Opinión | MANO DE PÁGINA

Conjuras contra la vida ida

Poeta esencialista, sensorial y reflexiva, Ida Vitale, premio Cervantes en 2019, cumplirá cien años este otoño

La poeta uruguaya Ida Vitale

La poeta uruguaya Ida Vitale / EPE

"El azar, ese dios extraviado", clama un verso de la poeta uruguaya Ida Vitale (Montevideo, 1923), quien, a punto de alcanzar, el 2 de noviembre, los 100 años, conserva una activa lucidez tal, que en mayo participó, por ejemplo, en la Feria del Libro de Buenos Aires.

Es el extravío lo que vuelve a ese dios más humano, y, al tiempo que la conmina a "disfrutar del error y de su enmienda", como defiende en su poema Penitencia, le permite asumir que "después, ya muertos, rodaremos, redondos y olvidados". 

Su longevidad es justiciera con su reconocimiento tardío, pues le dieron el Cervantes hace apenas un lustro, a los 95 años (también Nicanor Parra y Francisco Ayala lo recibieron tarde y murieron a los 103).

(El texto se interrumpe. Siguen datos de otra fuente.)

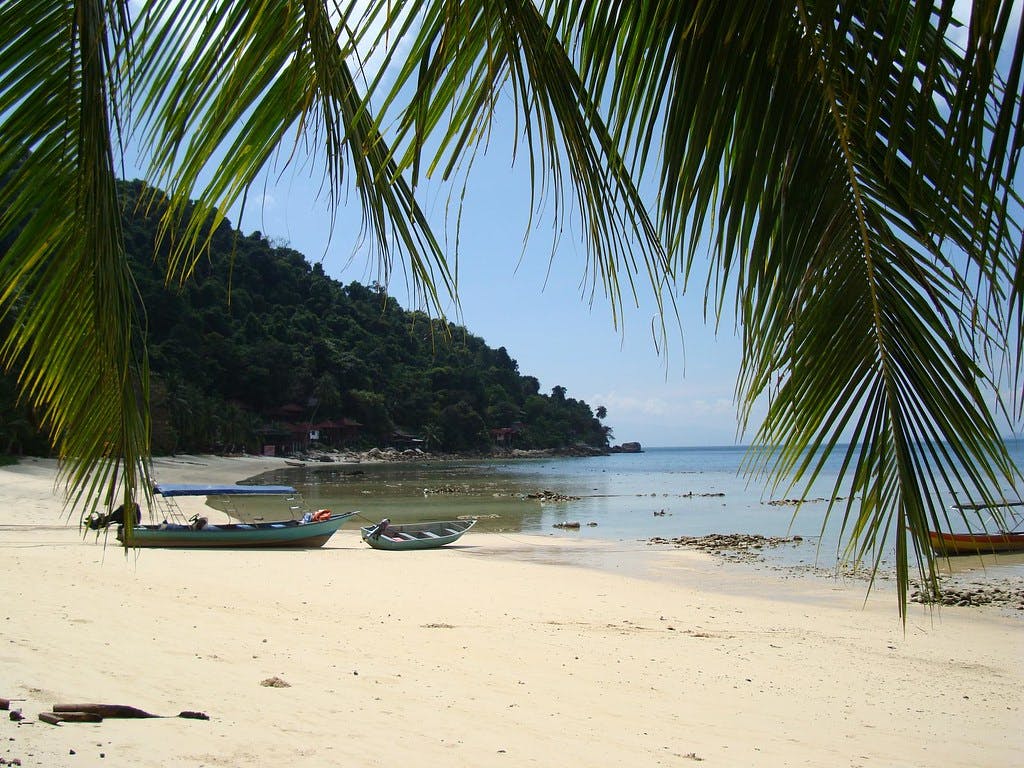 Perhentian Islands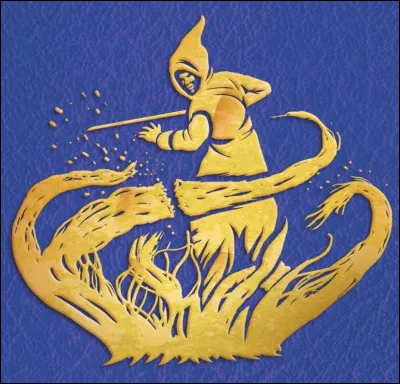 À quel tome correspond cette image ?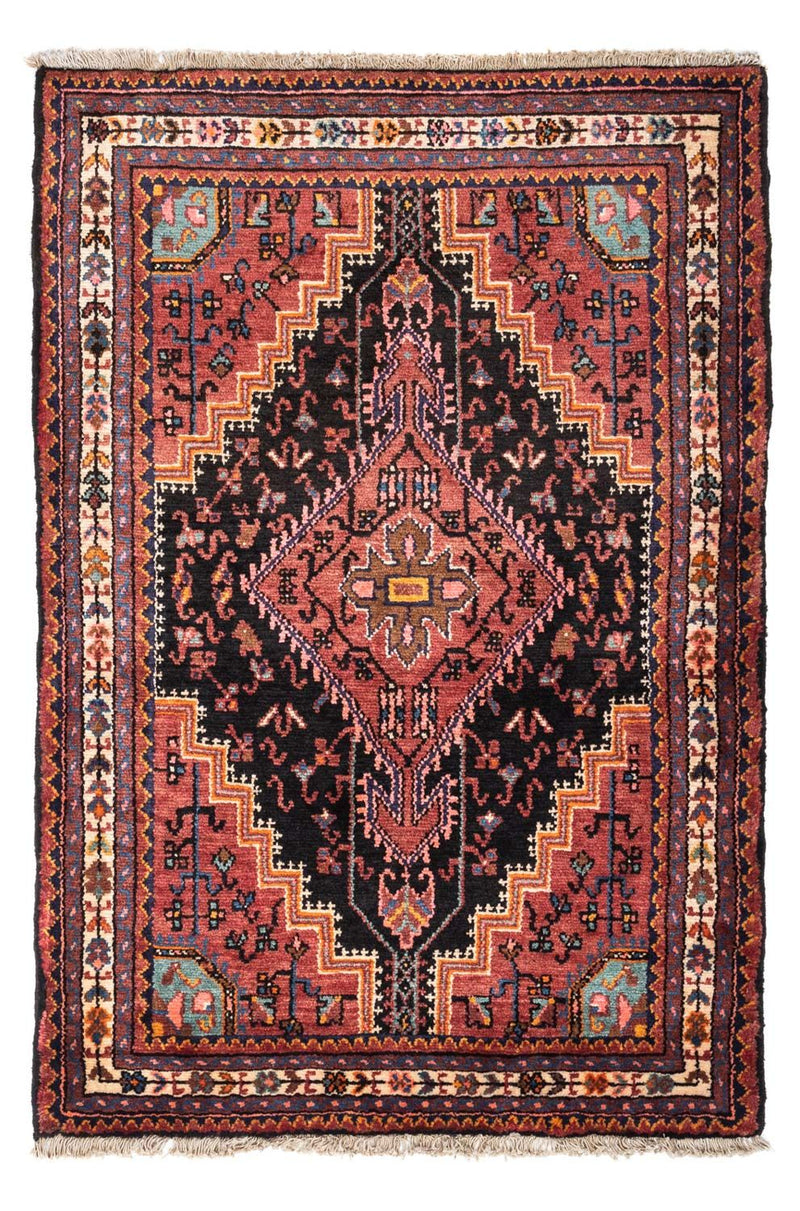 Tuserkan Teppe 138x91cm - Persisk teppe
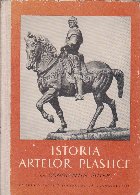 Istoria Artelor Plastice, Volumul I (Constantin Suter)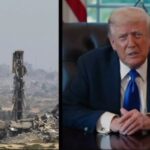 காசாவில் கட்டுப்பாட்டை விட்டுக்கொடுக்க மறுத்தால் அழிவு நிச்சயம்! ஹமாஸ் அமைப்புக்கு எச்சரிக்கை!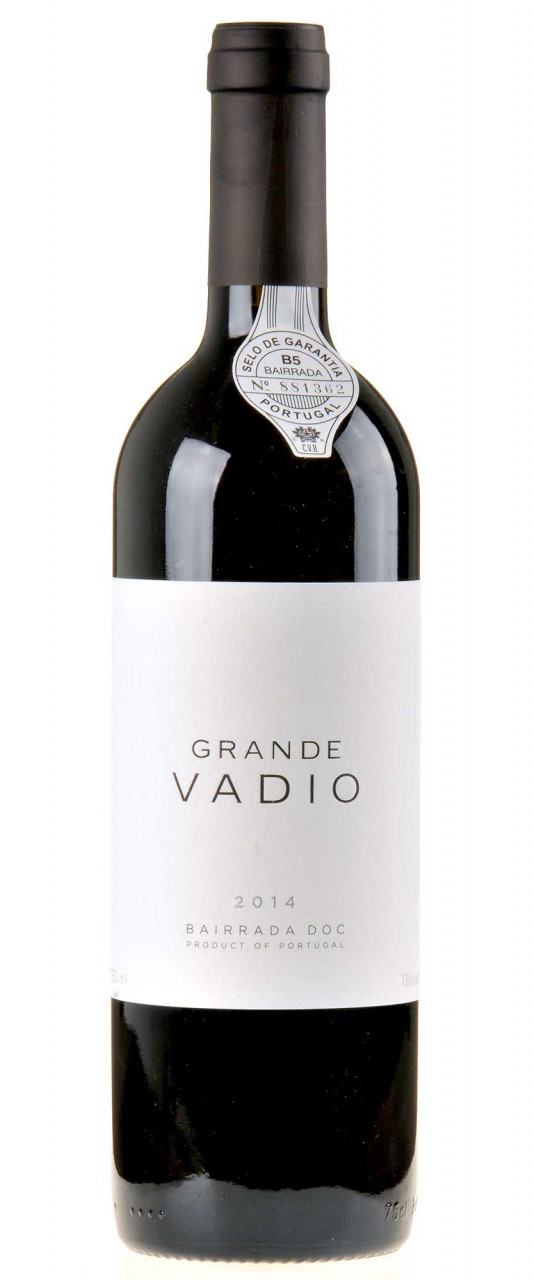 Vadio Vinho Tinto GRANDE VADIO 2014 von Vadio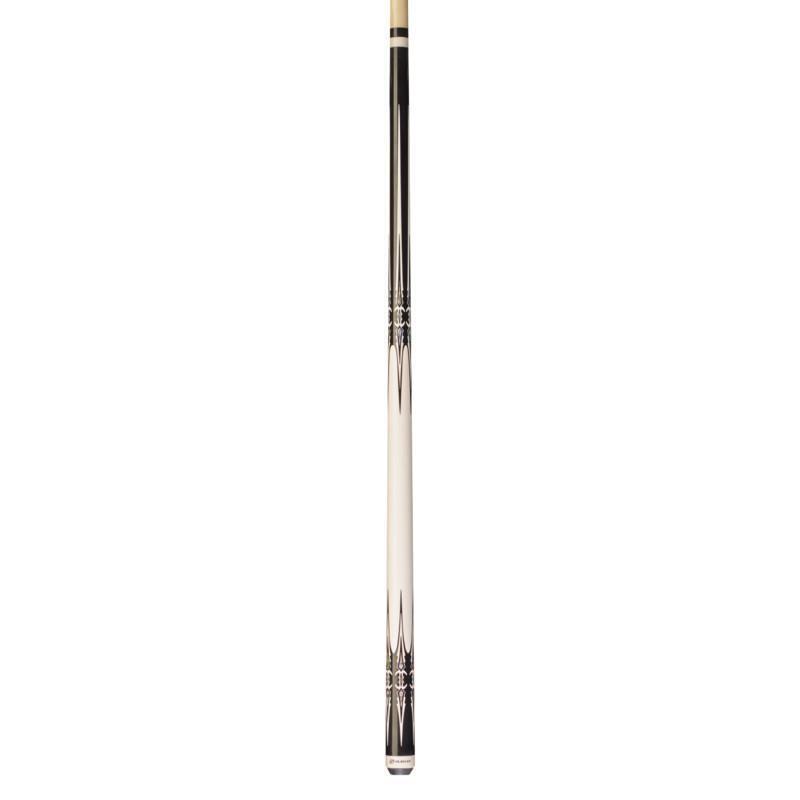 New Players G-4112 Pool Cue Stick 18 19 20 21 oz + LIFETIME WTY + FREE SHIPPING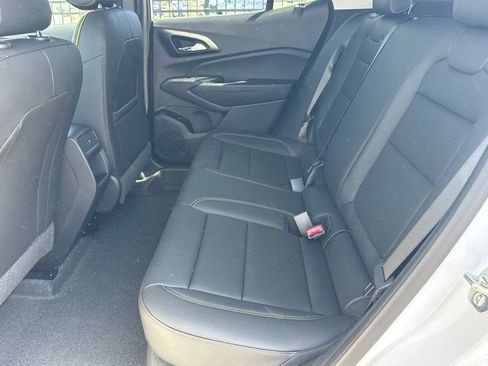 New 2026 Chevrolet Trax ACTIV w/ Sunroof Package image 21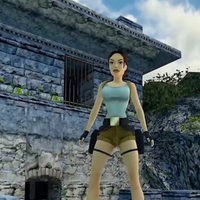 Tomb Raider en live-action : Sophie Turner dévoile son costume de Lara Croft pour la série de Prime Video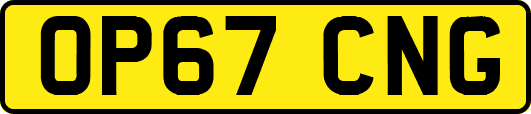 OP67CNG
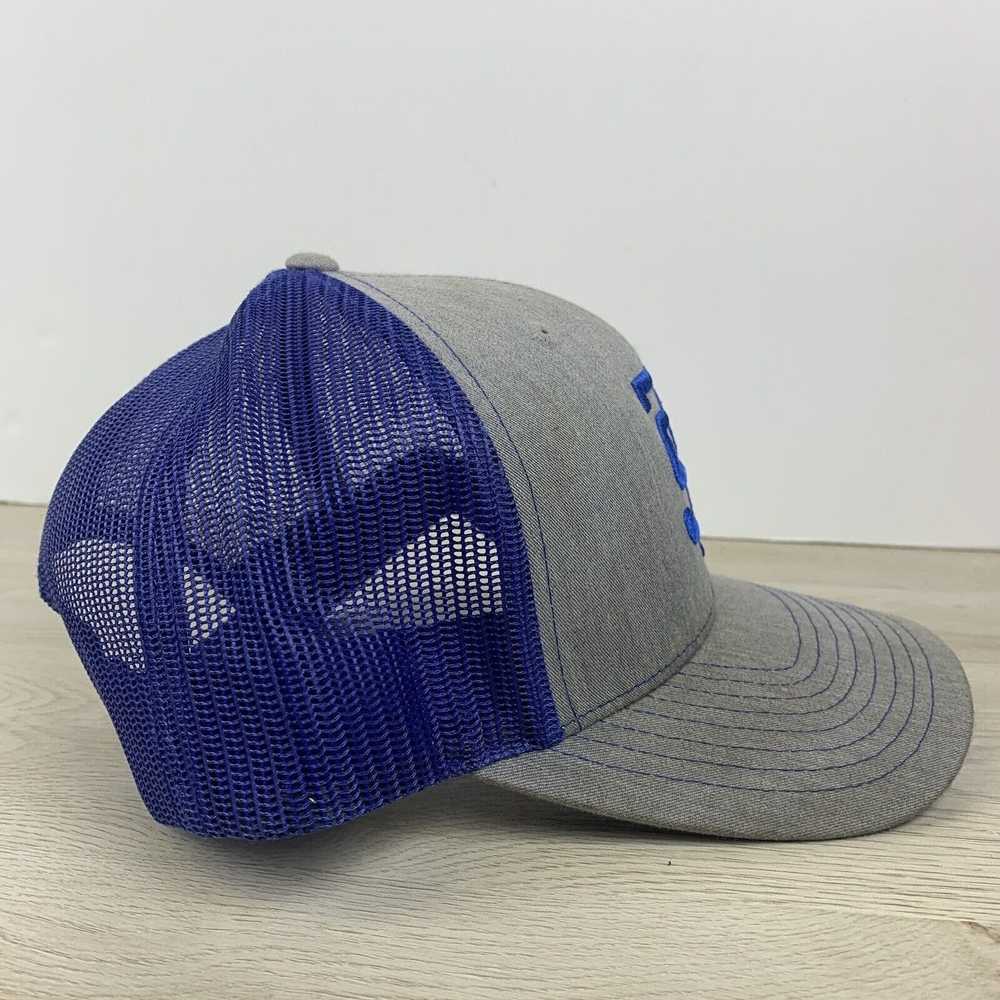 Other ST Gray Baseball Hat Blue Snapback Hat Adul… - image 8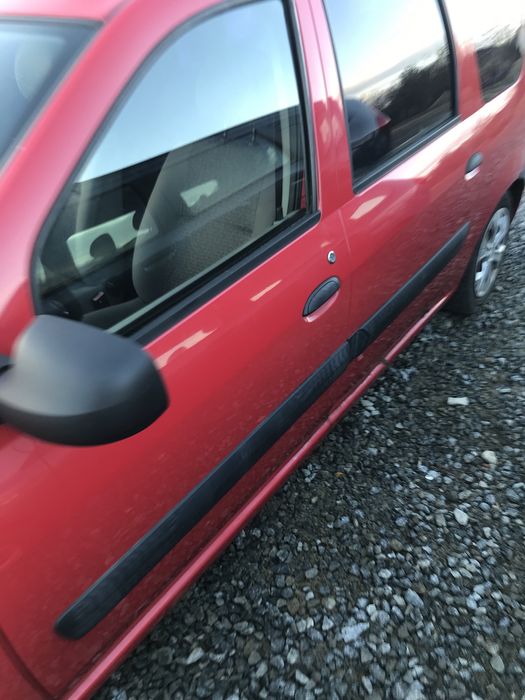 Дачія логан мсв 2008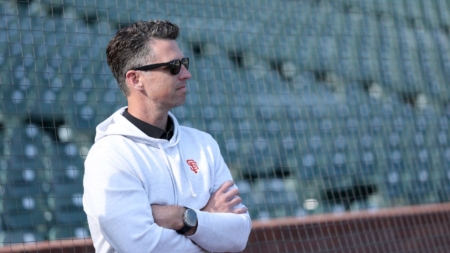 Cubs Slugger Predicted to Ditch Chicago for Giants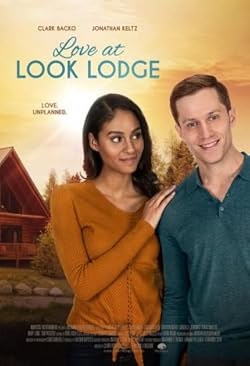 Poster of Love at Look Lodge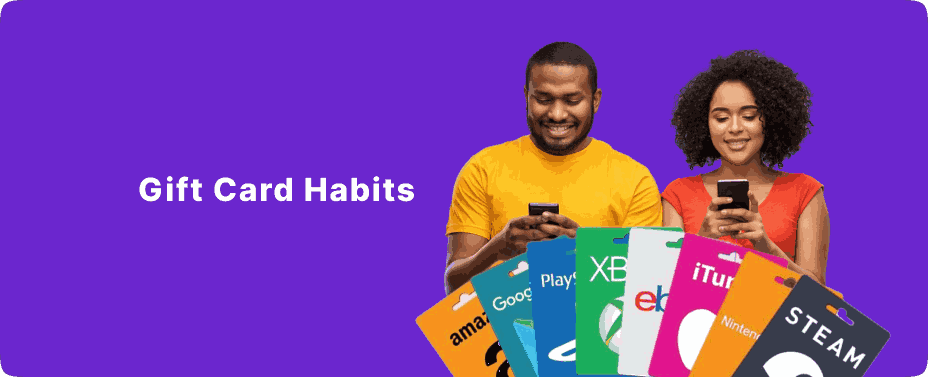 Gift Card Habits That Can Save You Money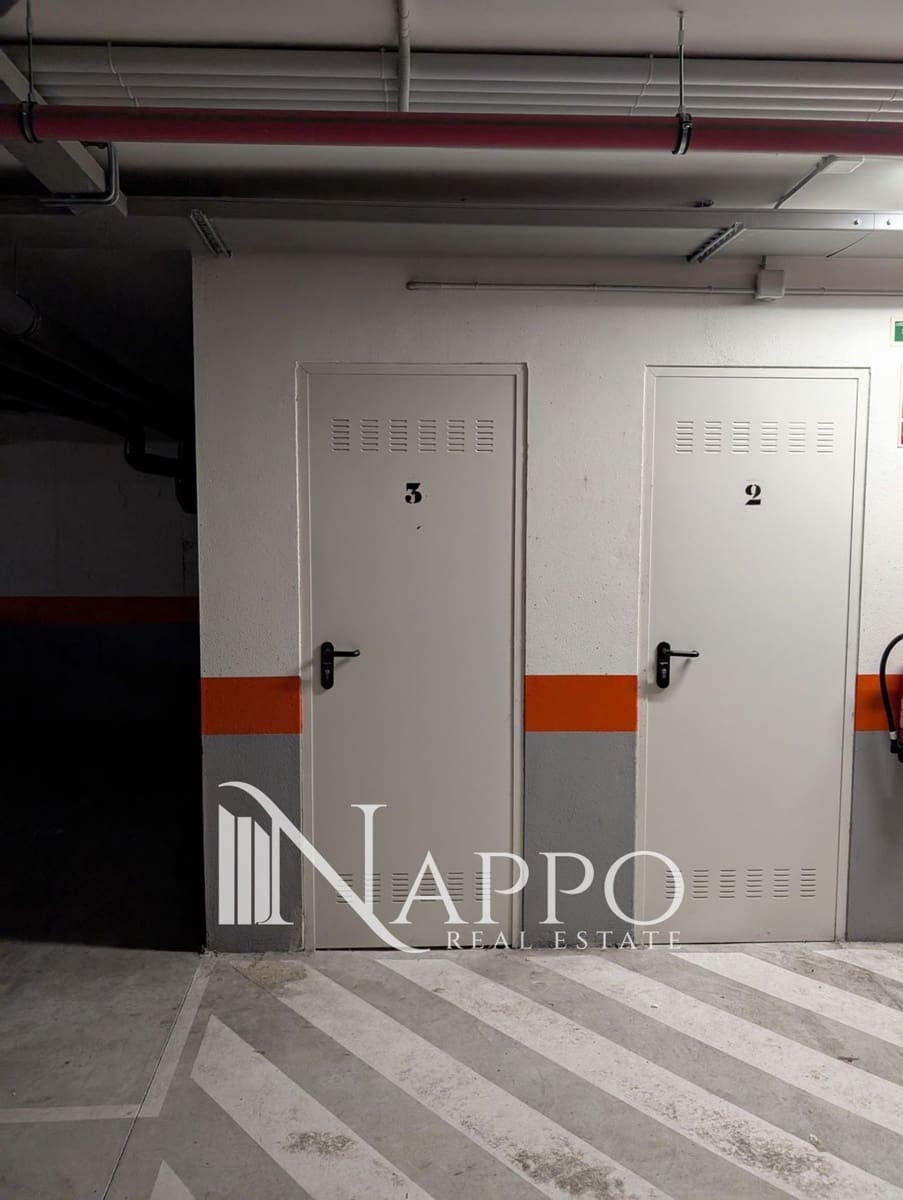 3 camera da letto Casa in vendita in Son Ferriol con garage - 515.000 € (Rif: 9879539)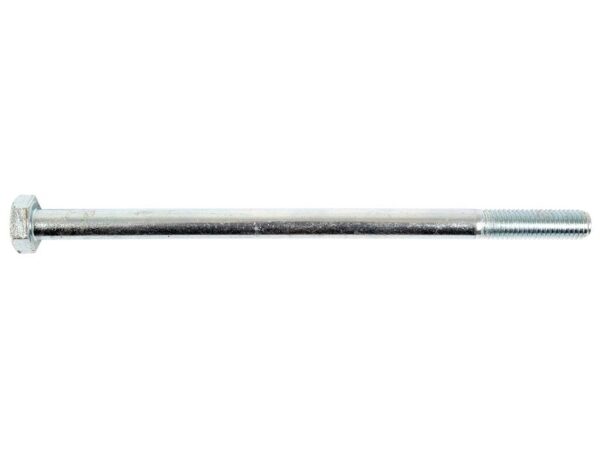 Bolt, Størrelse: 10x180mm (DIN or Standard No. DIN 931)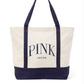Tote PINK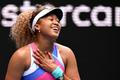 Australian Open 2022, 1. den (Naomi Ósakaová)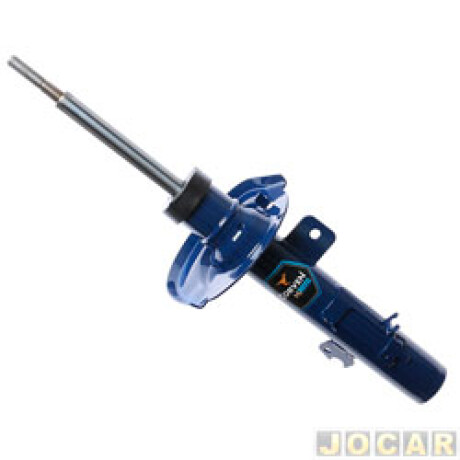 AMORTIGUADOR CITROEN - PEUGEOT DEL C3 AIRCROSS 11/ 51MM - JUEGO POR 2 UNIDADES AMORTIGUADOR CITROEN - PEUGEOT DEL C3 AIRCROSS 11/ 51MM - JUEGO POR 2 UNIDADES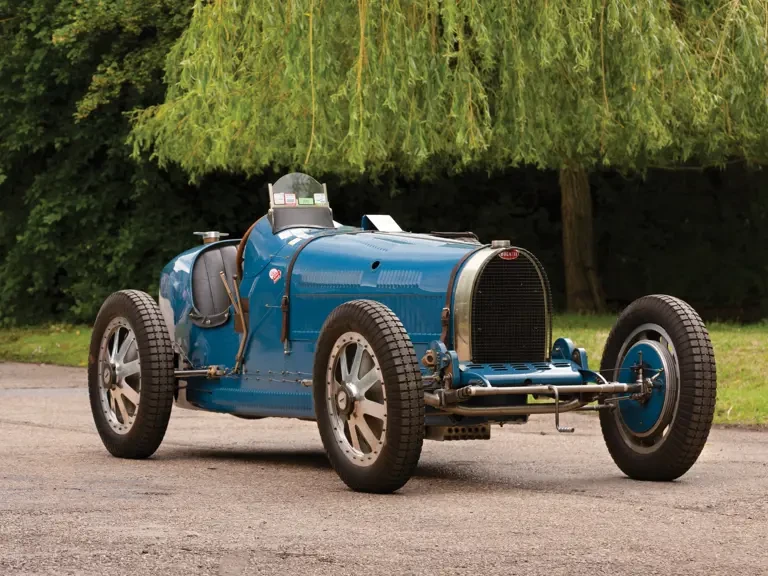 1928 Bugatti - Image 2 of 31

En efecto, pese a haber recibido muy joven los parabienes de su profesor de literatura José Bergamín, exilado en Montevideo, y el espaldarazo de Juan Ramón Jiménez, que la incluyó en una antología, Vitale hubo de esperar a nonagenaria para que el azar se extraviara a su favor; y con creces, pues, tras obtener el premio Octavio Paz, en 2009, se hizo, en años consecutivos con todos los galardones de relieve: el Alfonso Reyes (2014), el Reina Sofía (2015), el Federico García Lorca (2016), el Max Jacob (2017)…

Con una vida marcada por el nomadismo, huyendo de la dictadura militar uruguaya, para exilarse primero a México y luego a Texas, Vitale fue pionera en vivir el amor a su completo albedrío. Visto con los ojos de entonces, es una heroicidad que, en los años sesenta del siglo pasado (y tras la ruptura con su primer marido, el ensayista y crítico Ángel Rama, padre de sus dos hijos), una mujer en su avanzada cuarentena, Ida Vitale, formara pareja con un joven de 22, el también poeta y uruguayo Enrique Fierro, en una relación vitalicia de casi medio siglo, hasta la muerte de éste, en 2016.

En consonancia con su nombre, sus versos buscan tenderle torniquetes antifuga a la ida vida; retener, con pequeños signos mironianos, detallistas, esenciales y cotidianos, las vivencias idas, en su doble acepción: desarraigadas y esfumadas, y, de ese modo, conjurar la fugacidad y dispersión de la existencia. En su emblemático poema Exilios, del libro De procura de lo imposible (1998), Vitale escribió: "La mirada se acuesta como un perro,/ sin siquiera el recurso de mover una cola./ La mirada se acuesta o retrocede,/ se pulveriza por el aire/ si nadie la devuelve./ No regresa a la sangre ni alcanza/ a quien debiera./ Se disuelve, tan sólo". Es una muestra de las sutilezas transversales de su poesía, a la vez vanguardista y clasicista, intimista y externalizada, discursiva y concisa

Poeta ambidextra

En su afán por reunir los fragmentos vitales, sin por ello vulnerarlos, sus versos apuntan a una definitiva sincronización de la existencia; "Todo aquí es palimpsesto,/ pasión del palimpsesto:/ a la deriva", subrayará en un poema, al tiempo que, para no perderse nada, con un dedo de la otra mano nos señala: "Cada horizonte: donde un ascua atrae".

En su poesía confluyen, ciertamente, lo sensorial y lo reflexivo, propiciando que, de su abonado intimismo, surjan brotes creacionistas. Si observamos que es simbolista, comprobamos, sin embargo, que sus símbolos se mantienen siempre en un plano naturalista, con vida propia, pues en la misma proporción en que describen los estados anímicos, se humanizan ellos mismos.

Así, en el poema Gotas, por ejemplo, que con significar lágrimas humanas, estas "acaban de dejar de ser la lluvia./ Traviesas en recreo,/ gatitos de un reino transparente,/ corren libres por vidrios y barandas,/ umbrales de su limbo". Poeta ambidextra, en definitiva, del mismo modo que Ida Vitale ha hecho del exilio su más certera forma de vida, cantando aquí y allá al nomadismo, eso no le impide enaltecer "la apariencia del viaje en la inmovilidad". 

Todo fluye, heraclitianamente, pero aún reconoce, desde la atalaya de sus inminentes 100 años, la germinal fijeza que le renueva el impulso de la escritura, con este inquietante lema: "Una lluvia de un día puede no acabar nunca".